Rejlander undertook many experiments to perfect his photography, including combination printing from around 1853, which it is possible he may have invented. He had articles feature in the Wolverhampton Chronicle, on 15 November 1854 an article called "Improvement in Calotypes, by Mr. O.G. Rejlander, of Wolverhampton" it suggests that by 1854 he was experimenting with combination printing from several negatives. He was a friend of photographer Charles Lutwidge Dodgson (better know by the nom de plume Lewis Carroll), who collected Rejlander's early child work and corresponded with him on technical matters. Rejlander later created one of the best known & most revealing portraits of Dodgson.
His early work only slightly sullied his later reputation, and he participated in the Paris Exhibition of 1855. In 1857 he made his best-known allegorical work, The Two Ways of Life. This was a seamlessly montaged combination print made of thirty-two images (akin to the use of Photoshop today, but then far more difficult to achieve) in about six weeks. First exhibited at the Manchester Art Treasures Exhibition of 1857, the work shows two youths being offered guidance by a patriarch. Each youth looks toward a section of a stage-like tableaux vivant - one youth is shown the virtuous pleasures and the other the sinful pleasures. The image's partial nudity was deemed 'indecent' by some - and those familiar with Rejlander's more commercial work might also suspect that prostitutes had been used as cheap models. But the 'indecency' faded when Queen Victoria ordered a 10-guinea copy to give to Prince Albert.
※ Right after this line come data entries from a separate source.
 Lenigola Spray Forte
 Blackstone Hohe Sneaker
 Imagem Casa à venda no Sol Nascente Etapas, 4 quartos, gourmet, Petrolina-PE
Despite this royal patronage, controversy about The Two Ways of Life in strait-laced Scotland in 1858 led to a secession of a large group from the Photographic Society of Scotland, the secessionists founding the Edinburgh Photographic Society in 1861. They objected to the picture being shown with one half of it concealed by drapes. The picture was later shown at the Birmingham Photographic Society with no such furore or censorship. However the Photographic Society of Scotland later made amends and invited Rejlander to a grand dinner in his honour in 1866, held to open an exhibition that included many of his pictures.
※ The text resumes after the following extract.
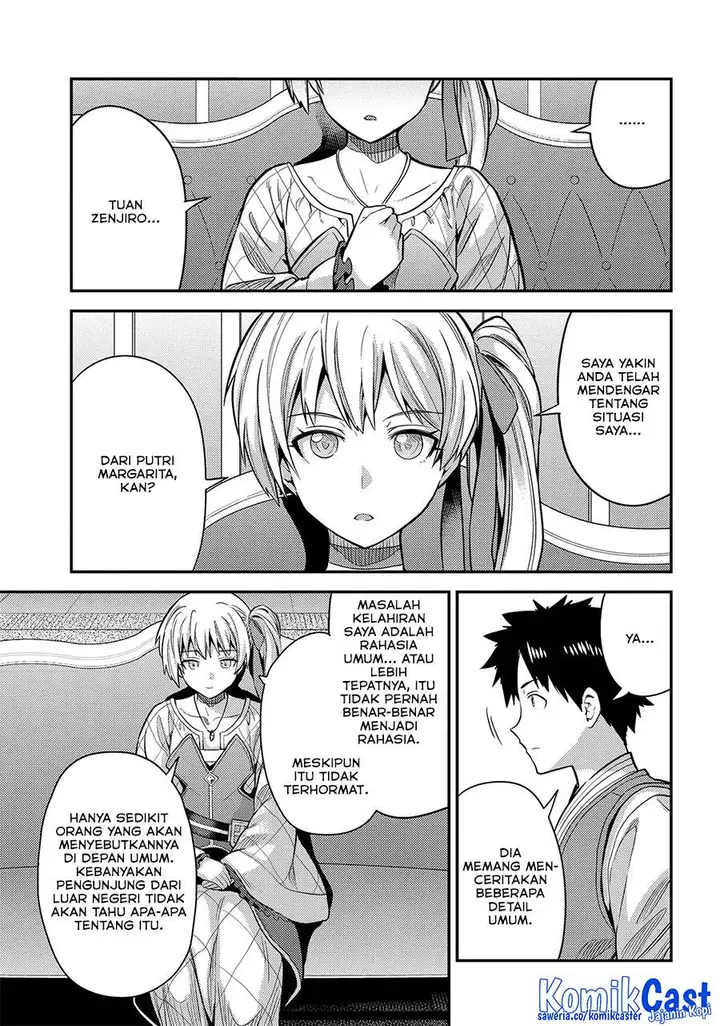 image-komik-risou-no-himo-seikatsu-chapter-76-15/51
The success of The Two Ways of Life, and membership of the Royal Photographic Society of London, gave him an entree into London respectability. He moved his studio to Malden Road, London around 1862 and further experimented with double exposure, photomontage, photographic manipulation and retouching. He became a leading expert in photographic techniques, lecturing and publishing widely, and sold portfolios of work through bookshops and art dealers. He also found subject-matter in London, photographing homeless London street children to produce popular 'social-protest' pictures such as "Poor Joe" and "Homeless".
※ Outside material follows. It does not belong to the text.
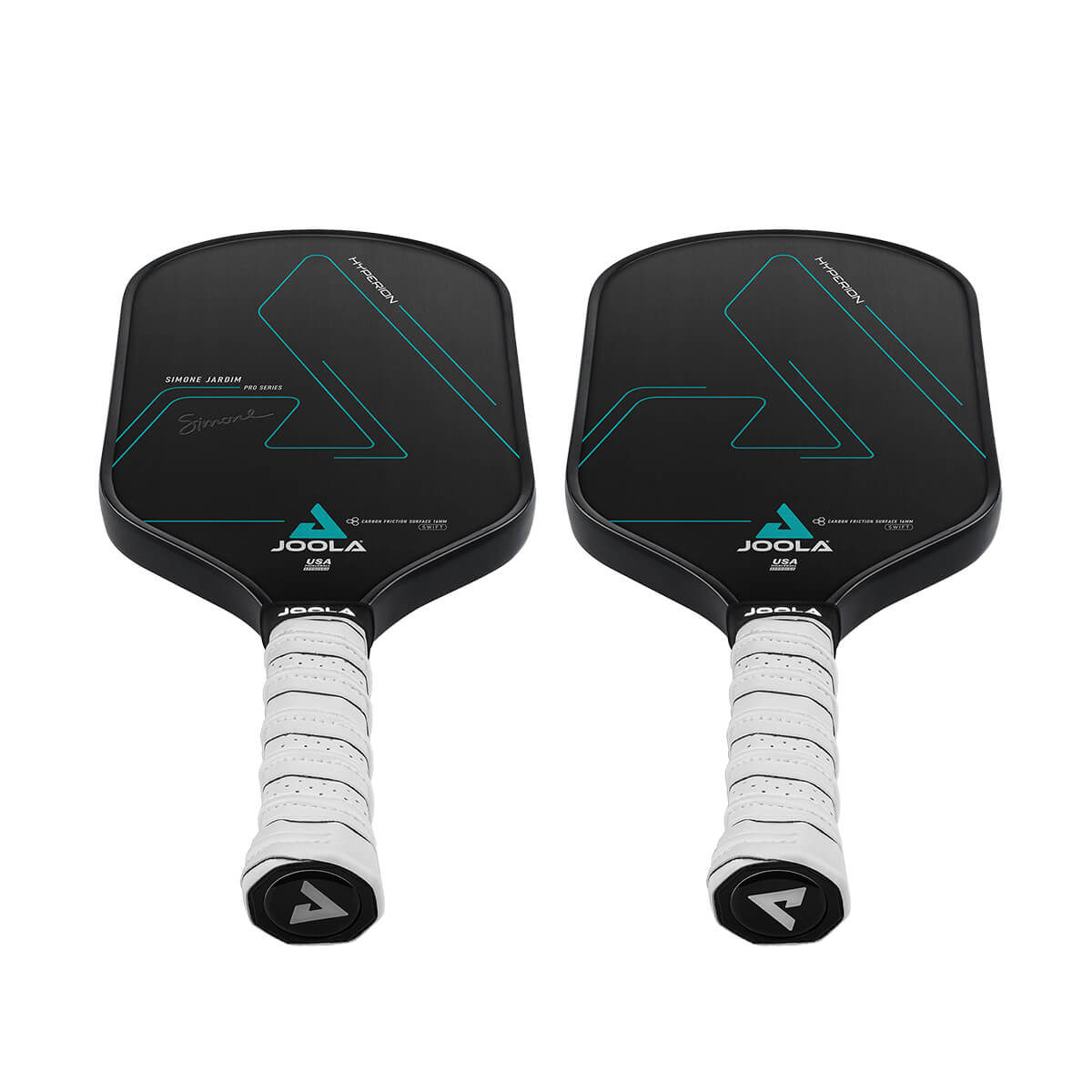 SIMONE JARDIM HYPERION CFS 16MM SWIFT - Grip On Golf & Pickleball Zone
He married Mary Bull in 1862, who was twenty-four years his junior. Mary had been his photographic model in Wolverhampton since she was aged 14.
Charles Lutwidge Dodgson visited Rejlander's Malden Road studio in 1863 and was inspired to set up his own studio. Around 1863 Rejlander visited the Isle of Wight and collaborated with Julia Margaret Cameron.
Some of Rejlander's images were purchased as drawing-aids to Victorian painters of repute, such as Sir Lawrence Alma Tadema. In 1872 his photography illustrated Darwin's classic treatise on The Expression of the Emotions in Man and Animals and this association with Darwin lifted Rejlander out of the common run of Victorian photographers - his work became known by prominent scientists and intellectuals of the day, including Sir James Crichton-Browne and Dr Hugh Diamond.
Rejlander became seriously ill from about 1874. He died in 1875 with several claims on his estate, and costly funeral expenses. The Edinburgh Photographic Society raised money for his widow on Rejlander's death, and helped set up the Rejlander Memorial Fund.
Rejlander's ideas and techniques were taken up by other photographers and this, to some extent, justifies labelling him as the father of art photography.
Further reading 
- David Elliott (Ed.) Oscar Gustave Rejlander. 1813(?)-1875.. Modern Museum / Royal Photographic Society, Sweden, 1998. (A major exhibition catalogue, superbly printed)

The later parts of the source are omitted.